Exercise instructions ::
Output the full listing word for word.

Data listing ::
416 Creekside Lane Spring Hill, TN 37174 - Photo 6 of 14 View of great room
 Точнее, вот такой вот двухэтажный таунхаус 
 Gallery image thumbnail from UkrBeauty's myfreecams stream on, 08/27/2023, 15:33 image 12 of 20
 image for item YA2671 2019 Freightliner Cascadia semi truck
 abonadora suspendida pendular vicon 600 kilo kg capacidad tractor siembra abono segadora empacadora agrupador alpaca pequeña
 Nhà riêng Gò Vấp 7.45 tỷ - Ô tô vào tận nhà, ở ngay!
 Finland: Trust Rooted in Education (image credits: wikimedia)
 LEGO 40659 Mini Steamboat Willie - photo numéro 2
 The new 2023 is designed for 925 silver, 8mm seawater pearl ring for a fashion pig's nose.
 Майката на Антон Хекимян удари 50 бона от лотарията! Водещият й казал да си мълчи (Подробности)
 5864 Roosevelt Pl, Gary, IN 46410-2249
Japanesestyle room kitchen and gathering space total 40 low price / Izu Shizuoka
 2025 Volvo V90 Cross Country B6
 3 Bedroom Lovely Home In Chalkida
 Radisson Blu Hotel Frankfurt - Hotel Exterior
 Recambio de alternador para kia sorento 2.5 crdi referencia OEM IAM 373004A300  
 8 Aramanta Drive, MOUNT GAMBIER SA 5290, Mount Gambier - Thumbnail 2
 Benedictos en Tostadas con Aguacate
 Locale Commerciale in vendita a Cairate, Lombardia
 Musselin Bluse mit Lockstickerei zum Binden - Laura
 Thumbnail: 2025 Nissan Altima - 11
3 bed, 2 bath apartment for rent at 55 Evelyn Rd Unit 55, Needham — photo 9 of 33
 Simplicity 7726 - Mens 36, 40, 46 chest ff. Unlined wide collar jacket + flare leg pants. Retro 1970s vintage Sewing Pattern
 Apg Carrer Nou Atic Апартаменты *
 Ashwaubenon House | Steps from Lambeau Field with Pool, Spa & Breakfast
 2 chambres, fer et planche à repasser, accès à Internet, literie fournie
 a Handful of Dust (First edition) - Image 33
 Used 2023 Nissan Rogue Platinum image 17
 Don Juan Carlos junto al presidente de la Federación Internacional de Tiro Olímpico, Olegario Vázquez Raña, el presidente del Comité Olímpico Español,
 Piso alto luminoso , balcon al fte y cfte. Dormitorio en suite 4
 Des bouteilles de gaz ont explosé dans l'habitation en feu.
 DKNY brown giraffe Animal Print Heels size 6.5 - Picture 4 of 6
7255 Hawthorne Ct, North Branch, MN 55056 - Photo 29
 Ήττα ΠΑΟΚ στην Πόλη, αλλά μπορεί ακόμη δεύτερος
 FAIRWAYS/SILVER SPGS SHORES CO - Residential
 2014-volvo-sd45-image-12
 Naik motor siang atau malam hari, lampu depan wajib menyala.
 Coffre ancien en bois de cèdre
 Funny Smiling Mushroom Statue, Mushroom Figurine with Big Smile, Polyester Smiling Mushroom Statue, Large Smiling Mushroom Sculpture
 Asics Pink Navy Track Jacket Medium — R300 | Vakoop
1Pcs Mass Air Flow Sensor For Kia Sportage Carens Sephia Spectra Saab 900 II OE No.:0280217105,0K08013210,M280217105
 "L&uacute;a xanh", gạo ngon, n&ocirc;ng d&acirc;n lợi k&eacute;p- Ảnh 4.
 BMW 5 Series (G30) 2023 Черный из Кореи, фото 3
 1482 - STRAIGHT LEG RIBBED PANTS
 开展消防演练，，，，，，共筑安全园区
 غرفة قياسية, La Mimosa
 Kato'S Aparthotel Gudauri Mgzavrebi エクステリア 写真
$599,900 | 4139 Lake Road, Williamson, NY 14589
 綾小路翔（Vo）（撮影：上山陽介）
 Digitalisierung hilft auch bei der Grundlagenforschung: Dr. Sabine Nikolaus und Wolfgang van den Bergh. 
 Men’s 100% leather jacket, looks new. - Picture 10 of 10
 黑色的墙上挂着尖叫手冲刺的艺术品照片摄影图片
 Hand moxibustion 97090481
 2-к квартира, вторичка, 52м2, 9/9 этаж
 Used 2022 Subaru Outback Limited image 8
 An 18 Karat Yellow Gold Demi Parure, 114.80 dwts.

Task answer ::
416 Creekside Lane Spring Hill, TN 37174 - Photo 6 of 14 View of great room
 Точнее, вот такой вот двухэтажный таунхаус 
 Gallery image thumbnail from UkrBeauty's myfreecams stream on, 08/27/2023, 15:33 image 12 of 20
 image for item YA2671 2019 Freightliner Cascadia semi truck
 abonadora suspendida pendular vicon 600 kilo kg capacidad tractor siembra abono segadora empacadora agrupador alpaca pequeña
 Nhà riêng Gò Vấp 7.45 tỷ - Ô tô vào tận nhà, ở ngay!
 Finland: Trust Rooted in Education (image credits: wikimedia)
 LEGO 40659 Mini Steamboat Willie - photo numéro 2
 The new 2023 is designed for 925 silver, 8mm seawater pearl ring for a fashion pig's nose.
 Майката на Антон Хекимян удари 50 бона от лотарията! Водещият й казал да си мълчи (Подробности)
 5864 Roosevelt Pl, Gary, IN 46410-2249
Japanesestyle room kitchen and gathering space total 40 low price / Izu Shizuoka
 2025 Volvo V90 Cross Country B6
 3 Bedroom Lovely Home In Chalkida
 Radisson Blu Hotel Frankfurt - Hotel Exterior
 Recambio de alternador para kia sorento 2.5 crdi referencia OEM IAM 373004A300  
 8 Aramanta Drive, MOUNT GAMBIER SA 5290, Mount Gambier - Thumbnail 2
 Benedictos en Tostadas con Aguacate
 Locale Commerciale in vendita a Cairate, Lombardia
 Musselin Bluse mit Lockstickerei zum Binden - Laura
 Thumbnail: 2025 Nissan Altima - 11
3 bed, 2 bath apartment for rent at 55 Evelyn Rd Unit 55, Needham — photo 9 of 33
 Simplicity 7726 - Mens 36, 40, 46 chest ff. Unlined wide collar jacket + flare leg pants. Retro 1970s vintage Sewing Pattern
 Apg Carrer Nou Atic Апартаменты *
 Ashwaubenon House | Steps from Lambeau Field with Pool, Spa & Breakfast
 2 chambres, fer et planche à repasser, accès à Internet, literie fournie
 a Handful of Dust (First edition) - Image 33
 Used 2023 Nissan Rogue Platinum image 17
 Don Juan Carlos junto al presidente de la Federación Internacional de Tiro Olímpico, Olegario Vázquez Raña, el presidente del Comité Olímpico Español,
 Piso alto luminoso , balcon al fte y cfte. Dormitorio en suite 4
 Des bouteilles de gaz ont explosé dans l'habitation en feu.
 DKNY brown giraffe Animal Print Heels size 6.5 - Picture 4 of 6
7255 Hawthorne Ct, North Branch, MN 55056 - Photo 29
 Ήττα ΠΑΟΚ στην Πόλη, αλλά μπορεί ακόμη δεύτερος
 FAIRWAYS/SILVER SPGS SHORES CO - Residential
 2014-volvo-sd45-image-12
 Naik motor siang atau malam hari, lampu depan wajib menyala.
 Coffre ancien en bois de cèdre
 Funny Smiling Mushroom Statue, Mushroom Figurine with Big Smile, Polyester Smiling Mushroom Statue, Large Smiling Mushroom Sculpture
 Asics Pink Navy Track Jacket Medium — R300 | Vakoop
1Pcs Mass Air Flow Sensor For Kia Sportage Carens Sephia Spectra Saab 900 II OE No.:0280217105,0K08013210,M280217105
 "L&uacute;a xanh", gạo ngon, n&ocirc;ng d&acirc;n lợi k&eacute;p- Ảnh 4.
 BMW 5 Series (G30) 2023 Черный из Кореи, фото 3
 1482 - STRAIGHT LEG RIBBED PANTS
 开展消防演练，，，，，，共筑安全园区
 غرفة قياسية, La Mimosa
 Kato'S Aparthotel Gudauri Mgzavrebi エクステリア 写真
$599,900 | 4139 Lake Road, Williamson, NY 14589
 綾小路翔（Vo）（撮影：上山陽介）
 Digitalisierung hilft auch bei der Grundlagenforschung: Dr. Sabine Nikolaus und Wolfgang van den Bergh. 
 Men’s 100% leather jacket, looks new. - Picture 10 of 10
 黑色的墙上挂着尖叫手冲刺的艺术品照片摄影图片
 Hand moxibustion 97090481
 2-к квартира, вторичка, 52м2, 9/9 этаж
 Used 2022 Subaru Outback Limited image 8
 An 18 Karat Yellow Gold Demi Parure, 114.80 dwts.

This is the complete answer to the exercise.